-
Notifications
You must be signed in to change notification settings - Fork 2
Description
Current behaviour
New restarter-enabled StatefulSet have their replica 0 restarted after the initial rollout is complete.
Expected Behaviour
The initial rollout should be completed "normally" with no extra restarts.
Why does this happen?
There is a race condition between Kubernetes' StatefulSet controller creating the first replica Pod and commons' StatefulSet restart controller adding the restart trigger labels. If the restarter loses the race then the first replica is created without the metadata, triggering a restart once it is added.
What can we do about it?
Add a mutating webhook (see the spike) that adds the relevant metadata. The webhook must not replace the existing controller, since webhook delivery is not reliable.

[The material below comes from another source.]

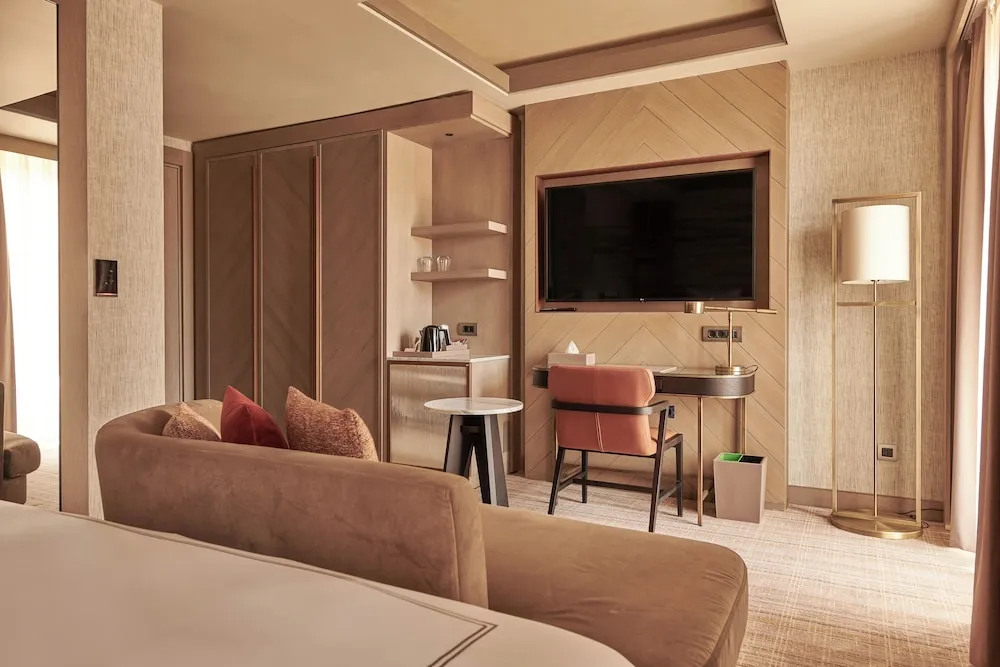 Swiss Deluxe Twin Room with Forest View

However, webhook delivery requires a bunch of extra infrastructure that we do not currently have, namely:
- We must implement the K8s webhook HTTPS API (https://kubernetes.io/docs/reference/access-authn-authz/extensible-admission-controllers/)
- We must generate a TLS certificate and write that into the MWC
Definition of done
- Webhook certificate is managed (provisioned and renewed) by the commons operator
- The Webhook should apply the same
podTemplate
annotations as the controller currently does- Initial STS rollout does not cause a restart (
STS.metadata.generation
should stay1
)
- Initial STS rollout does not cause a restart (
- Controller must still apply metadata if the webhook is disabled and/or fails (at the cost of still doing the extra restart in this case)

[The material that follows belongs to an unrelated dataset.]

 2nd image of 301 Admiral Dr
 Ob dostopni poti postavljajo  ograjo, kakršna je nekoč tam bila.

- The webhook must fail open (
failurePolicy: Ignore
) - A Kuttl test should verify the above (maybe minus the
failurePolicy
)
Original ticket
The StatefulSet of a Superset cluster is immediately restarted after its creation. This should not be necessary and should be prevented.$ kubectl describe statefulset simple-superset-node-default
...
Events:
Type Reason Age From Message
---- ------ ---- ---- -------
Normal SuccessfulDelete 3m31s statefulset-controller delete Pod simple-superset-node-default-0 in StatefulSet simple-superset-node-default successful
Normal SuccessfulCreate 2m59s (x2 over 3m31s) statefulset-controller create Pod simple-superset-node-default-0 in StatefulSet simple-superset-node-default successful
After the restart, the Superset pods are annotated as follows:
annotations:
configmap.restarter.stackable.tech/simple-superset-node-default: cf60300e-0c45-4ee2-b60c-de53b0084182/21998
secret.restarter.stackable.tech/simple-superset-credentials: e0e4b781-46f9-44f4-80c8-a0876b91ed8b/16909
This could be an indication that the restart controller of the commons-operator is involved.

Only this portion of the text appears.